Denise Grady of NY Times Wins 2009 Victor Cohn Prize for Excellence in Medical Science Reporting
Denise Grady, a New York Times science reporter, is the recipient of the 2009 Victor Cohn Prize for Excellence in Medical Science Reporting in recognition of the unusual breadth and depth of her coverage of a wide range of health issues, both domestic and international.
Grady’s initiative led her to Tanzania to report on the devastating toll of pregnancy and childbirth in the developing world, to Angola to provide a courageous and penetrating look at efforts to fight an outbreak of the deadly Marburg virus, and to Sri Lanka to investigate the public health challenges that followed the 2004 tsunami. Her special skills were also evident in stories dealing with the downside of weight-loss surgery, the importance of virtual autopsies, the life-altering consequences of injuries suffered by Iraq veterans, and first-person commentaries in her Science Times column, “Second Opinion.”
The prize, for a body of work published or broadcast within the last five years, was established by the Council for the Advancement of Science Writing, a not-for-profit organization of journalists and scientists committed to enhancing the quality of science news reaching the public.
Grady was presented a check of $3,000 and a certificate in Austin, Texas on October 18 at an awards dinner held as part of ScienceWriters 2009, which includes the National Association of Science Writers’ annual meeting and professional training workshops and CASW’s 47th annual New Horizons in Science briefing for journalists at the University of Texas at Austin.
The Cohn Prize judges were struck by Grady’s graceful and vivid writing, the visceral impact of her storytelling, and her uncanny ability to seize on and capture acutely revealing details that imbue her reporting with uncommon resonance and humanity, whether in breaking news, long-features, or analysis. In his nominating letter, David Corcoran, assistant science news editor of The New York Times, called attention to her “talent for spotting a story, her relentlessness in pursuing it (literally, sometimes to the end of the earth)…and the explanatory firepower she brings to medical developments that cry out for clarity and context.”

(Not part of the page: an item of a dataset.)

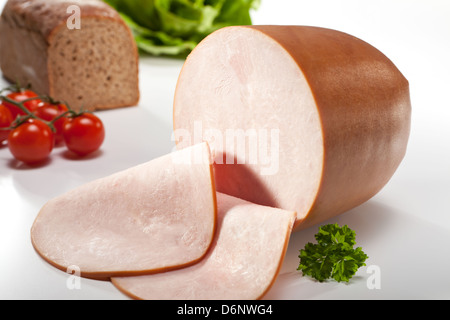 Riedlingen, Deutschland, Putenschinken Stockfoto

Grady joined the science news department of the Times as a reporter in 1988 and has also worked as a health editor there. For several years prior to that she contributed to the newspaper as a freelancer. Grady has written more than 500 articles for the Times, has edited two Times books (on women’s health and alternative medicine) and is the author of Deadly Invaders, a book about emerging diseases that was published in 2006. From 1988 until 1998, she freelanced for a host of other publications, including Science, Discover, Scientific American, Time, Vogue, Reader’s Digest, and Self. She also served as a staff writer covering medicine for Time and Discover, an associate editor for The Sciences magazine, and as an assistant editor at the New England Journal of Medicine and at the journal Physics Today. A native of New York City, Grady received a B.S. degree in biology from the State University of New York in Stony Brook and an M.S. in English from the University of New Hampshire.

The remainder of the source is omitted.